L’écrivain péruvien loue également l’action politique de Benoît XVI : il aurait été « le premier pape à demander pardon pour les abus sexuels dans les écoles catholiques et les séminaires, afin de répondre aux associations de victimes. Le Saint père a également convoqué la première conférence dans l’Église consacrée à écouter les témoignages des victimes elles-mêmes et à établir des normes et des règles visant à empêcher que de tels maux ne se reproduisent à l’avenir. » Pour beaucoup d’analystes en effet, Benoît XVI aura été le pape de la tolérance zéro face à la pédophilie. Ce point de vue fait cependant débat, d’autres estimant qu’il n’aurait rien fait pour les victimes ou trop peu.
Pour Mario Vargas Llosa, en tout cas, « ce serait une erreur de célébrer la démission du souverain pontife comme une victoire du progrès et de la liberté. » Benoît XVI « ne représente pas seulement la tradition conservatrice de l’Église, mais aussi son plus grand héritage : celui de la grande culture révolutionnaire de l’âge classique et de la Renaissance ». Ce n’est pas la première fois que cet agnostique militant défend la doctrine de l’Église pour ce qu’elle est, bien qu’il y soit opposé. En 2011 notamment, il avait estimé que la religion est indispensable à une société démocratique.

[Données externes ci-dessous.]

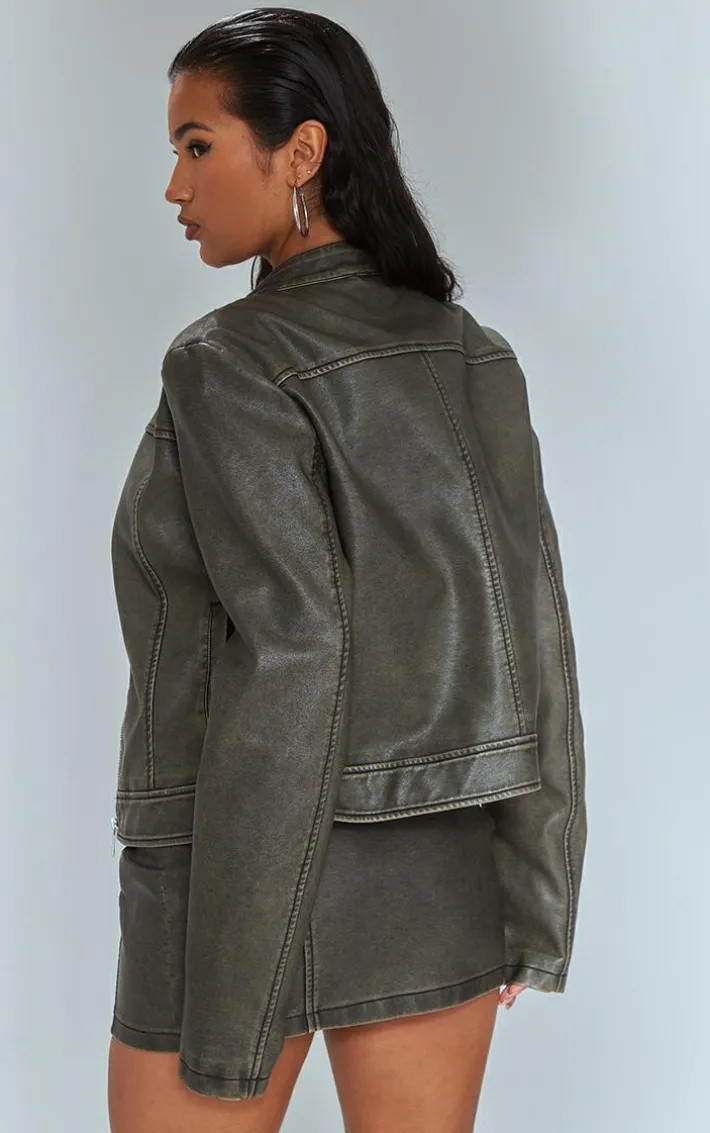 Premium Brown Washed Faux Leather Oversized Seam Detail Jacket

Pour la culture de la liberté, écrivait-il, c’est « un bien, parce qu’une société démocratique ne peut combattre efficacement ses propres ennemis, à commencer par la corruption, si ses institutions ne sont pas solidement fondées sur des valeurs éthiques, si en son sein ne se développe pas une riche culture spirituelle comme antidote aux forces destructrices, fracturantes et anarchiques qui sont seulement déterminées par les conduites individuelles libérées de toute responsabilité. » Cette analyse s’articule sur sa critique de la culture contemporaine, dont il estime qu’elle « a omis d’être une réponse sérieuse et profonde aux grandes interrogations de l’être humain sur la vie, la mort, la destinée, l’histoire. » De ce point de vue, la religion, « pourvu qu’elle ne prenne pas le pouvoir politique », reste un enrichissement spirituel.